You're reading: Richest Expats: Johan Boden and Carl Sturen

Johan Boden, 39, and Carl Sturen, 36 $26 million (combined) #6 Richest 

Sweden’s Johan Boden and Carl Sturen were hardly out of their teens when they first came to Ukraine in 1993, looking to replace a cucumber crop lost in Estonia that year. Their impression was so positive that their next visit was already to identify a production plant, finally choosing the Kakhovka site in Kherson Oblast.

In 1995, Boden and Sturen got a huge boost when fellow Swede and billionaire, professor Hans Rausing, the founder of Tetra-Pak food packaging company agreed to invest in them. They christened their new company, Chumak (meaning historic Ukrainian itinerant merchants) with $5.4 million in start-up investment. The brand would soon become a household name to food consumers across the country.

Johan Boden (focus.ua)

Chumak’s big breakthrough came with ketchup. The product was unknown in Ukraine, so much so that the company had a hard time convincing Ukrainian bureaucrats that such a thing existed at all.
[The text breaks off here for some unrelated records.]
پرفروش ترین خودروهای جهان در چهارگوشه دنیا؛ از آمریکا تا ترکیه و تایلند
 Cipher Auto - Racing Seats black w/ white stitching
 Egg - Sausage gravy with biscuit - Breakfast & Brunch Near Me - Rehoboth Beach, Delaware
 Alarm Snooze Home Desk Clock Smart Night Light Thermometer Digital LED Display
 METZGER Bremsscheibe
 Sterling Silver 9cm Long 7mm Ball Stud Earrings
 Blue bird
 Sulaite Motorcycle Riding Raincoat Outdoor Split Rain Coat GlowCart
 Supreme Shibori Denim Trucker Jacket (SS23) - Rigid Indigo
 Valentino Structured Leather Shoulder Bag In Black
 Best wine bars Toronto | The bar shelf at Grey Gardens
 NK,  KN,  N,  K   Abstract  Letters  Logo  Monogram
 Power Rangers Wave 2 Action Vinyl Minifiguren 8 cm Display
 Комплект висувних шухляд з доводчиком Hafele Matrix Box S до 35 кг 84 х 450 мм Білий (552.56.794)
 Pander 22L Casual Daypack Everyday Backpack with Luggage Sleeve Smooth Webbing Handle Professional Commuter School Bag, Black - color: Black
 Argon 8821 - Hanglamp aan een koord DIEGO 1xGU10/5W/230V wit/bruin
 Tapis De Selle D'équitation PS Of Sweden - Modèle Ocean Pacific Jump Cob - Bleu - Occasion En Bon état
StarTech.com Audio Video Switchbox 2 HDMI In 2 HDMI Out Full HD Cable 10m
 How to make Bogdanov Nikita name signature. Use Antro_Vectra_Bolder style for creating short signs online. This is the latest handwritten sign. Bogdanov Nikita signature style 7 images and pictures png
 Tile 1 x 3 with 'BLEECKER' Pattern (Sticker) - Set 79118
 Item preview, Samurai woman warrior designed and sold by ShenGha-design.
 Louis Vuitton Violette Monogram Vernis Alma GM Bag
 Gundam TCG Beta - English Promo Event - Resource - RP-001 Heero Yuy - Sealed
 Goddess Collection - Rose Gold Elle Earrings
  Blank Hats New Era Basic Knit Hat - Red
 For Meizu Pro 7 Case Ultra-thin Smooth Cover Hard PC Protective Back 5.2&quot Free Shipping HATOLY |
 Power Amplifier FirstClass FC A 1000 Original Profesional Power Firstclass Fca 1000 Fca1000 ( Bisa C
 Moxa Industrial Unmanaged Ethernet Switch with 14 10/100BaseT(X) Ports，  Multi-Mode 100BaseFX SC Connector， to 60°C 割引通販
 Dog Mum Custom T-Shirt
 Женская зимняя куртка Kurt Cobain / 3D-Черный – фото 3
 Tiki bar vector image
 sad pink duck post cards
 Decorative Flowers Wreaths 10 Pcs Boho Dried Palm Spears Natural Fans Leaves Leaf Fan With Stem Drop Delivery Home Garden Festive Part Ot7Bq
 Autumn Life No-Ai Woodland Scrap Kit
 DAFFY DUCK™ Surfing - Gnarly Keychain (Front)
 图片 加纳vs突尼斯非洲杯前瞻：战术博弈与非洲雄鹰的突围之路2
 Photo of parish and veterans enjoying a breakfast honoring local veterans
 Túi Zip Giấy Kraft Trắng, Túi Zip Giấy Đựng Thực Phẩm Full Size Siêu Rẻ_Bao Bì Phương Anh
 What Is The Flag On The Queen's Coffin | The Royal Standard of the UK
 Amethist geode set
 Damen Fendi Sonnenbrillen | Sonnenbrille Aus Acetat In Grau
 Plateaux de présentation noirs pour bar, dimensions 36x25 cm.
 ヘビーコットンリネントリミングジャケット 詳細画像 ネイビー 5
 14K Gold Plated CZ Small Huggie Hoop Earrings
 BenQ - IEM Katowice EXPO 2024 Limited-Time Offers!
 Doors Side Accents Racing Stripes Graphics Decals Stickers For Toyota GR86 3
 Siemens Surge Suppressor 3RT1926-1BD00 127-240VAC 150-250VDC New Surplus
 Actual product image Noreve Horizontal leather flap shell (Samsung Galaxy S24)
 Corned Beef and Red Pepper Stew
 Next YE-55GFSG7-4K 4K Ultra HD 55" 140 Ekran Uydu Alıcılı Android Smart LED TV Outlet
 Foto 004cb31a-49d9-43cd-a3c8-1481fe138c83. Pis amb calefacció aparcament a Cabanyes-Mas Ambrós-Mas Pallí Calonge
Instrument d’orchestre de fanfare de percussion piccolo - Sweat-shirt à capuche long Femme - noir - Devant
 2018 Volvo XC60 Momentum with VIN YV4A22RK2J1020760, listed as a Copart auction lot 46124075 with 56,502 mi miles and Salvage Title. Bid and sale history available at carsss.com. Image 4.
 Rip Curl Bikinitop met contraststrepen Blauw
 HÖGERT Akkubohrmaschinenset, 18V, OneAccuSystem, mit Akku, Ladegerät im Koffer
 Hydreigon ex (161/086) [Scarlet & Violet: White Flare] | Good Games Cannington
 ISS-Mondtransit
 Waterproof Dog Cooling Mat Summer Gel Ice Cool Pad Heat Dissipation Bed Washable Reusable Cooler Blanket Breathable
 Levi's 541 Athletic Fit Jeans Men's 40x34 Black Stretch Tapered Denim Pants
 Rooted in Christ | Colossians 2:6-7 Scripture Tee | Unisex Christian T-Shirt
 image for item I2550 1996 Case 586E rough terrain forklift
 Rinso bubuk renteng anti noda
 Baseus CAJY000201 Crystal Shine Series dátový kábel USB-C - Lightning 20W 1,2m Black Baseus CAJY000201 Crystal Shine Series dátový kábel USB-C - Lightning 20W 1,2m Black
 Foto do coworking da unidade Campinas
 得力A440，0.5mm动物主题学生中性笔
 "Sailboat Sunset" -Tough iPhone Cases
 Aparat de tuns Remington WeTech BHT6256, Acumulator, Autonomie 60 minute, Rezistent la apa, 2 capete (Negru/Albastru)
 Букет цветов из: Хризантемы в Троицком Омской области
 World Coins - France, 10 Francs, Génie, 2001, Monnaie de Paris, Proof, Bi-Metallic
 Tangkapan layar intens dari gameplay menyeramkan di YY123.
But once ketchup received official recognition as a food product, there was no looking back.

By 1997, Chumak’s distribution network covered all of Ukraine and Boden and Sturen purchased a second production factory in Kherson Oblast. It processes ripe Kherson tomatoes within hours of harvesting, ensuring freshness. Chumak then expanded into mayonnaise – and then crucially became the first former Soviet-based supplier of these products to McDonald’s fast food restaurants. In 2000, the company grew by 78 percent, and in 2001 they launched Europe’s largest fresh tomato processing plant handling a complete cycle from harvested tomatoes to finished product.

Chumak’s international potential was recognized in 2008, when investment companies Dragon Capital and East Capital Baring Ukraine Fund jointly bought 67 percent stock of Chumak from billionaire Rausing for an undisclosed sum. Boden and Sturen own the remaining stake. Boden is currently the director of corporate development and board member, while Sturen is the president of the company that employs 1,000 people.

Carl Sturen (UNIAN)

Their presence in Kakhovka, a Dnipro River port city with 38,000 people, has improved the city immensely. It had the highest gross domestic product per capita in recent years and, at least until 2009, had the highest foreign direct investment per capita before being surpassed by Odesa’s Illichivsk due to the large port and elevator project there.

The two Swedes are also involved in a number of local charity projects, including an orphanage and a house for people living with disabilities. Sturen has played a significant role as the honorable consul of Sweden in Ukraine, working to change lives in a settlement called Old Swedish Village located some 50 kilometers from Kakhovka.